4. Term and Termination of Engagement.  The term (the “Term”) of GenCap’ engagement will begin on the date hereof and end on the earlier of the consummation of the Offering or 15 days after the receipt by either party hereto of written notice of termination; provided that no such notice may be given by the Company for a period of 90 days after the date hereof.  Notwithstanding anything to the contrary contained herein, the provisions concerning confidentiality, indemnification, contribution and the Company’s obligations to pay fees and reimburse expenses contained herein will survive any expiration or termination of this Agreement.

5. Fee Tail.  GenCap shall be entitled to a Placement Agent’s Fee and GenCap Warrants, calculated in the manner provided in Paragraph A, with respect to any public or private offering or other financing or capital-raising transaction of any kind (“Tail Financing”) to the extent that such financing or capital is provided to the Company by investors whom GenCap had executed a non-disclosure agreement regarding the Company, or had introduced, directly or indirectly, to the Company during the Term, if such Tail Financing is consummated at any time within the 18-month period following the expiration or termination of this Agreement (the “Tail Period”).

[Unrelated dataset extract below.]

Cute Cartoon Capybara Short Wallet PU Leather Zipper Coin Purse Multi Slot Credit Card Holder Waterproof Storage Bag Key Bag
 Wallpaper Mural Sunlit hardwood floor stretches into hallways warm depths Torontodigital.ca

6. Use of Information.The Company will furnish GenCap such written information as GenCap reasonably requests in connection with the performance of its services hereunder.  The Company understands, acknowledges and agrees that, in performing its services hereunder, GenCap will use and rely entirely upon such information as well as publicly available information regarding the Company and other potential parties to an Offering and that GenCap does not assume responsibility for independent verification of the accuracy or completeness of any information, whether publicly available or otherwise furnished to it, concerning the Company or otherwise relevant to an Offering, including, without limitation, any financial information, forecasts or projections considered by GenCap in connection with the provision of its services.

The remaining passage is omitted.